Universal problems.

There’s nothing that bonds two people more quickly and superficially than commiserating over shared petty problems.  For example, I was sitting in the Columbus airport today, waiting for my flight to La Guardia to board–the flight was delayed because, and only because, I have the worst airport karma ever. I said these very words to the guy sitting next to me, and because I italicized them, he listened and found them amusing.
We swapped stories about our flight misfortunes, and before long, we had struck up quite a rapport! It turned out he had also once studied abroad in Madrid, owned a terrier as a child, and hated kids! Unfortunately, I have to use the past tense when it comes to his opinions and experiences, because he promptly turned into a Candarian Demon.

Worst airport karma ever.
(46th Google image result. Guy Sitting Next to Me at the Airport deserved better.)

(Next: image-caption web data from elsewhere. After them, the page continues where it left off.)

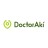 DoctorAkí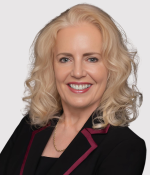 Sloat Law Group, APC - Law Firm in Palm Desert, CA
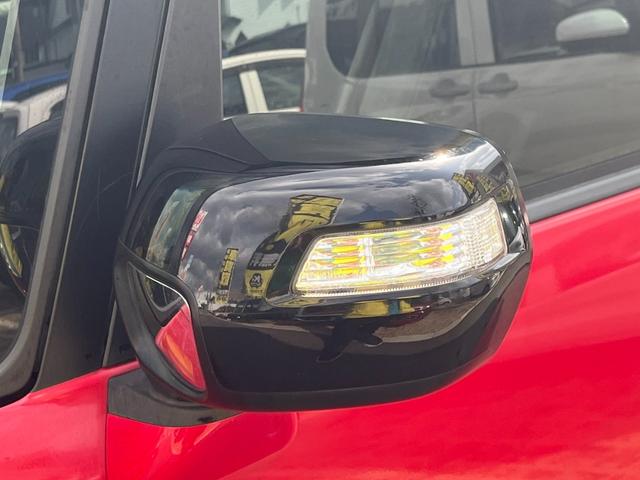 Ｎ－ＢＯＸカスタム Ｇ・ターボＬパッケージ　ＥＴＣ　バックカメラ　両側電動スライドドア　ナビ　ＴＶ　オートクルーズコントロール　オートライト　ＨＩＤ　スマートキー　アイドリングストップ　電動格納ミラー　ベンチシート　ＣＶＴ　盗難防止システム（58枚目）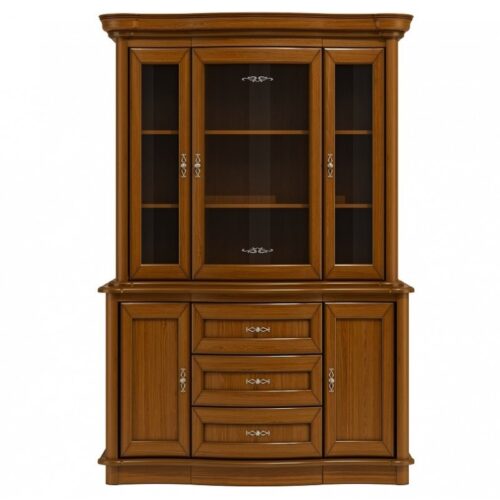 CAREN VITRINA C20+C21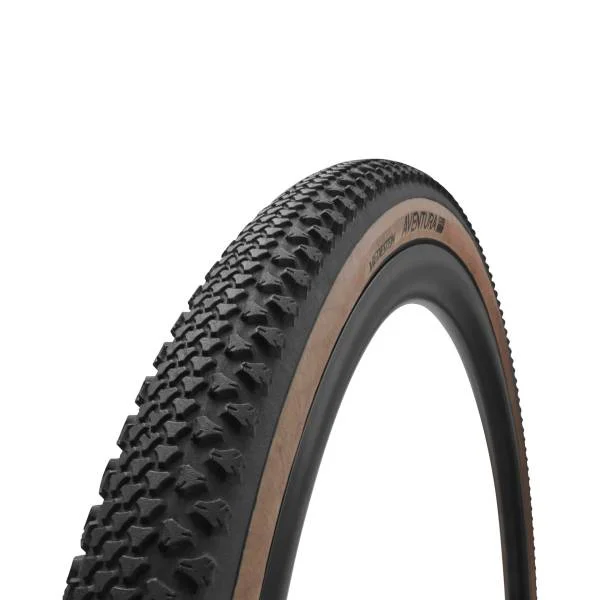 hollandbikeshop3-1467344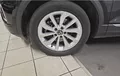 Miniature VOLKSWAGEN T-ROC 2.0 TDI 150 Start/Stop DSG7 4Motion Style photo 12 2129097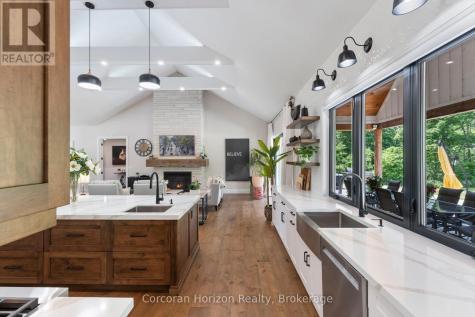 11 Cockshutt Road Brant (brantford Twp) ON N3T 5L6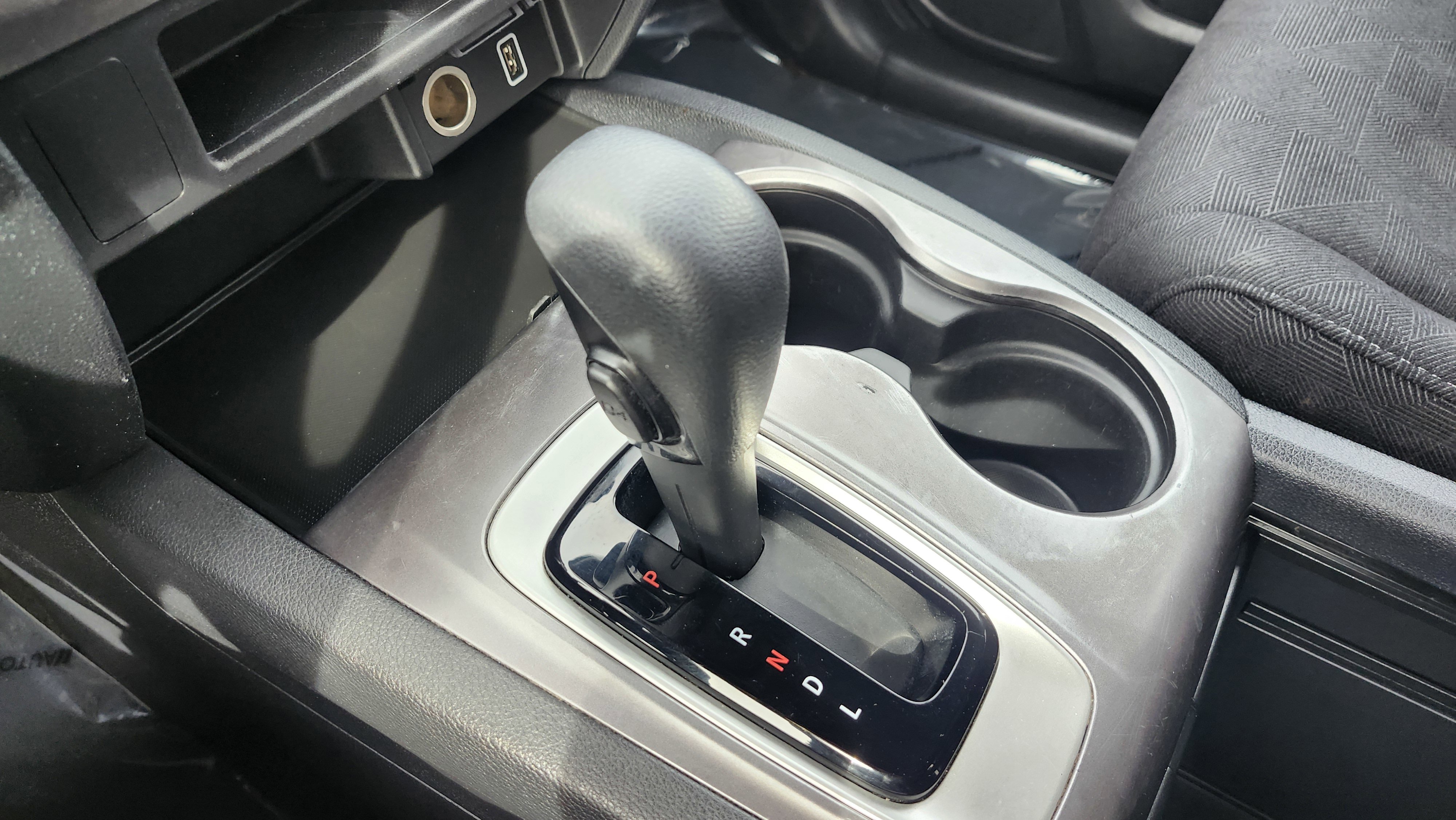 Used 2020 Honda Pilot LX image 29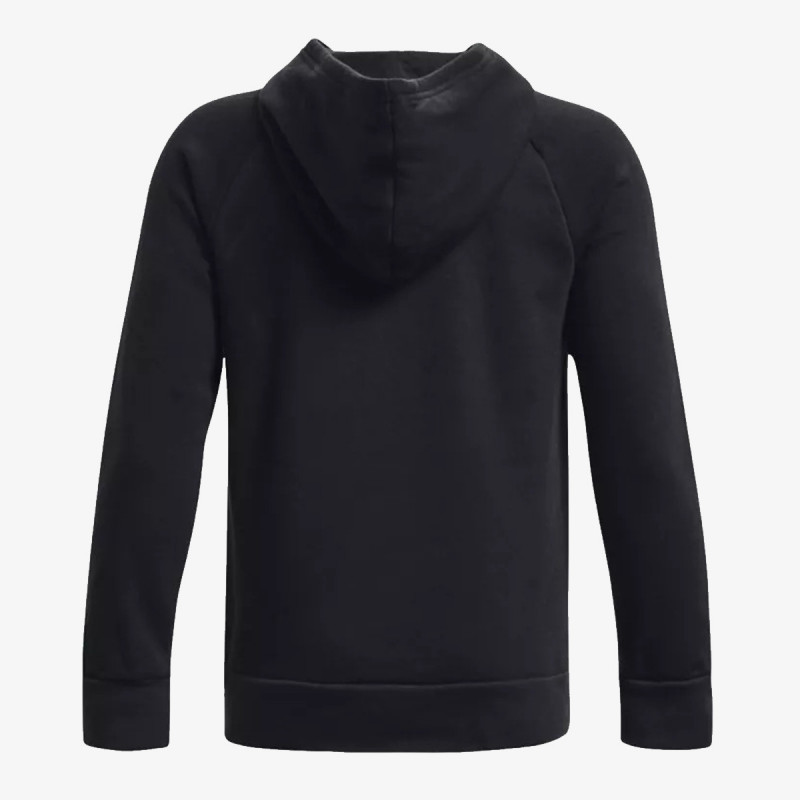 Under Armour Rival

I’m always intimidated by people who dress up to get on planes.  Why would they do that when you can use air travel as an excuse to wear a sports bra and stretchy pants somewhere other than the gym?  I always get on a plane fully expecting to die, and if I’m going to die violently, I’d like to be comfortable when it happens.
This hot biddy is gonna die in discomfort:Even the tots brought their disco book bags:

A few minutes later, their mom took the oldest one aside and said, “The time has come,” then tried to rip her stomach out through her throat.

Luckily, we started boarding before she could finish.

The last thing I did in my hometown of Athens, Ohio was go to the local community recreation center, find the most secluded elliptical machine I could, and sweat from the stress of possibly being spotted by a former classmate.

Wait, that’s a lie.  The very last thing I did in my hometown of Athens, Ohio was get hunted by Oscar.

So the second to last thing I did in my hometown of Athens, Ohio was go to the local community recreation center, find the most secluded elliptical machine I could, and sweat from the stress of possibly being spotted by a former classmate.
But as I pedaled away on the elliptical–with much more zeal, I might add, than I usually do, in case someone was watching–I relaxed a bit.

I started thinking about the person I was in high school compared to the person I am now.  In hindsight, most of us are a little douchey in high school, and I am no exception.  I didn’t exactly keep one headphone cemented in my ear at all times and blast Blue Monday or wear a trench coat at all times, but my Douche Level was higher between the ages of fourteen and eighteen than it is now.  I made some dumb mistakes, like feeling painfully hip for loving the Garden State soundtrack.  I also drove a purple toaster (that I will love fiercely until the day we both die at the same moment, something like Thelma and Louise).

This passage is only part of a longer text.